# IMSS for foreigners



## Ernesto.Mx (Aug 19, 2021)

Buenas tardes....

Question: I was interested in joining the IMSS for health insurance. Online I am reading one can opt for this public health insurance when one has either a residente temporal or residente permanente. I called LCS and they told me that IMSS is for families and that one needs to have a relative (brother, sister, husband, wife etc) already enrolled before one can opt in. So.....what's true?

Saludos


----------



## TundraGreen (Jul 15, 2010)

I enrolled in IMSS 10 years ago. At that time, I was on a permanent visa. I'm still a member of IMSS. I have no relatives in Mexico, and none in IMSS.


----------



## trekmanone (Sep 13, 2020)

Ernesto.Mx said:


> Buenas tardes....
> 
> Question: I was interested in joining the IMSS for health insurance. Online I am reading one can opt for this public health insurance when one has either a residente temporal or residente permanente. I called LCS and they told me that IMSS is for families and that one needs to have a relative (brother, sister, husband, wife etc) already enrolled before one can opt in. So.....what's true?
> 
> Saludos


I live permanently in MX. Typically IMSS is "reserved" for Mexicans and expats/gringos typically use Segura Popular health insurance. MX is in the process of merging the two to create one public healthcare system. S/P is the better of the 2. IMSS, you better bring your bedsheets, water, food, someone who knows Spanish. Most gringos freak out at the condition of IMSS hospitals and the rooms. Not for the faint of heart.
Personally, I pay cash for all my medical needs. Doctors, dental, optical. It is so cheap. I once was stung by a stingray on my foot. The most painful event I've experienced in my life! I was taken to a Red Cross hospital emergency room. Golf cart to hospital, 2 hours later, 2 nurses, 1 doctor, examination, 2 prescriptions and stitches... $250 pesos ($12 USD)! Try that is USA...
Expat private medical insurance is very expensive especially once you get into the mid-60s and 70s. $1,500 USD annually and increases each year once you exceed 60. $1,500 USD in pesos could practically pay for an entire heart transplant in Mexico.
BTW, I looked at the medical degrees on walls of medical professions and at hospitals. Easily half of them were educated in USA.


----------



## TundraGreen (Jul 15, 2010)

trekmanone said:


> I live permanently in MX. Typically IMSS is "reserved" for Mexicans and expats/gringos typically use Segura Popular health insurance. MX is in the process of merging the two to create one public healthcare system. S/P is the better of the 2.

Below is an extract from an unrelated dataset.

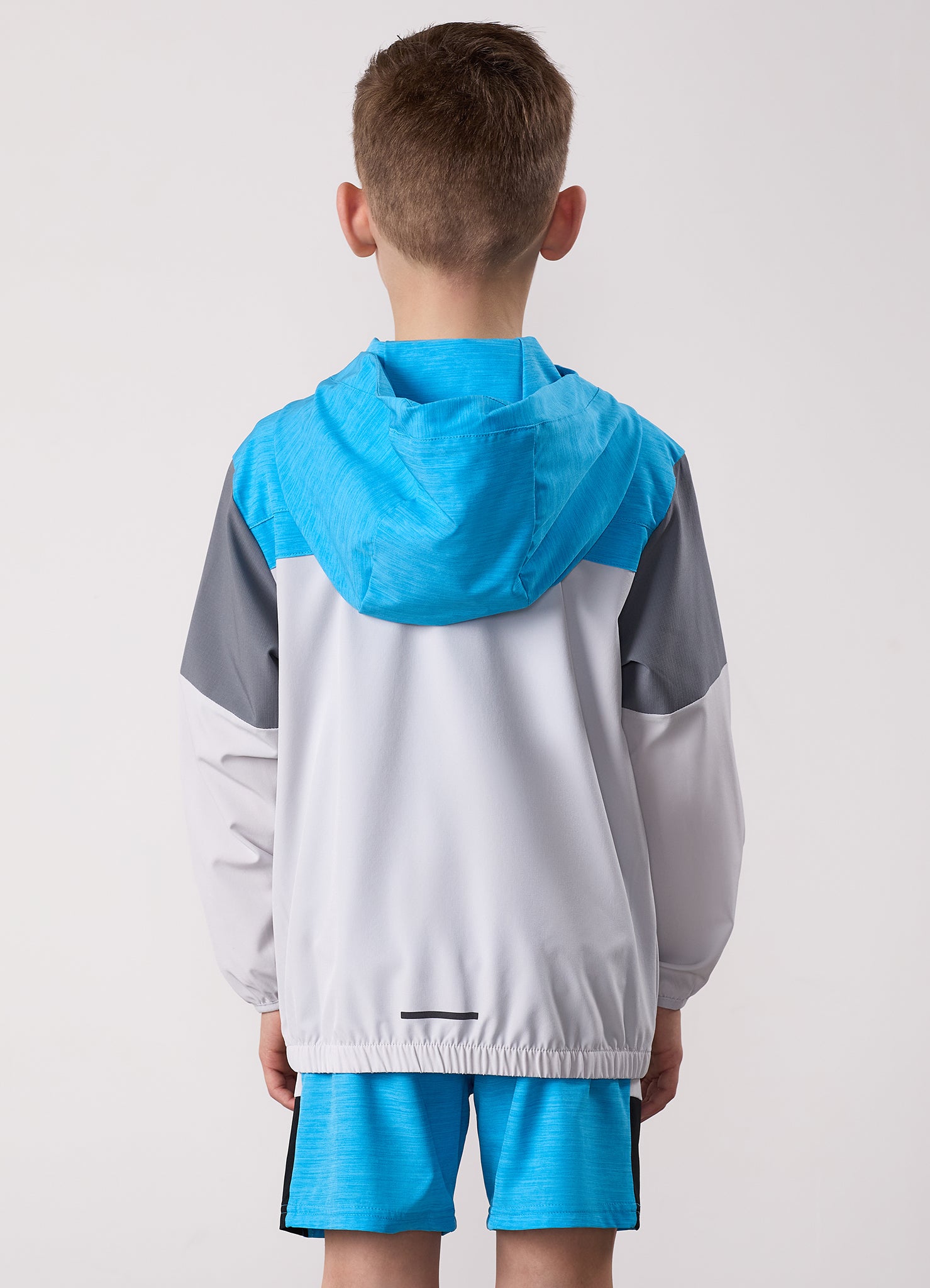 Gym King Kids Vision Tracksuit Top - Light Grey/Portofino Blue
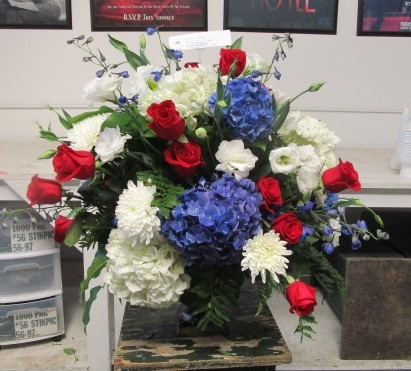 main photo of Fresh Floral Patriotic Pedestal Arrangement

Are you sure you don't have IMSS and Segura Popular reversed. IMSS members mostly are people who get it as a benefit through their employer, plus a few people like me who subscribe by paying the annual fee. I know less about Segura Popular, but my impression was that it is takes everyone without requiring a membership fee and was mostly used by people with not much money.

I also doubt that many "expats/gringos typically use Segura Popular". My impression is that most have either private insurance or pay out of pocket. But I don't know very many immigrants and have not taken a survey.


----------



## Isla Verde (Oct 19, 2011)

Acta


TundraGreen said:


> Are you sure you don't have IMSS and Segura Popular reversed. IMSS members mostly are people who get it as a benefit through their employer, plus a few people like me who subscribe by paying the annual fee. I know less about Segura Popular, but my impression was that it is takes everyone without requiring a membership fee and was mostly used by people with not much money.
> 
> I also doubt that many "expats/gringos typically use Segura Popular". My impression is that most have either private insurance or pay out of pocket. But I don't know very many immigrants and have not taken a survey.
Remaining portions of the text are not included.